TRY IT:
Output only the stretch of the listing that starts at the line containing "Carbon Fiber Einlegesohlen, Karbonfaser-Fußplatte" and ends at the line containing "Imagem do famoso", reproduced exactly with both ends.

MATERIAL FOR THIS TASK:

§ §

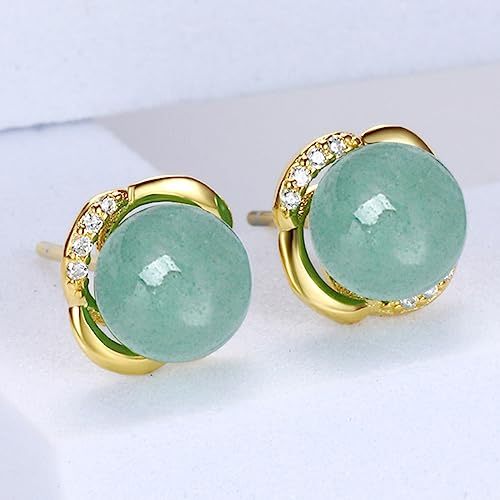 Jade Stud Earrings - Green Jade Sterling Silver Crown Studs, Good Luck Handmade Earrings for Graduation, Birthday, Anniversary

§ §

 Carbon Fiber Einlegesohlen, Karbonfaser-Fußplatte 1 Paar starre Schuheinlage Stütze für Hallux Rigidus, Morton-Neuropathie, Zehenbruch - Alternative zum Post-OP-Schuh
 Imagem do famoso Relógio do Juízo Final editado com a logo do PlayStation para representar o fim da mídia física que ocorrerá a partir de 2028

§ §

ANSWER TO THIS PROBLEM:
 Carbon Fiber Einlegesohlen, Karbonfaser-Fußplatte 1 Paar starre Schuheinlage Stütze für Hallux Rigidus, Morton-Neuropathie, Zehenbruch - Alternative zum Post-OP-Schuh
 Imagem do famoso Relógio do Juízo Final editado com a logo do PlayStation para representar o fim da mídia física que ocorrerá a partir de 2028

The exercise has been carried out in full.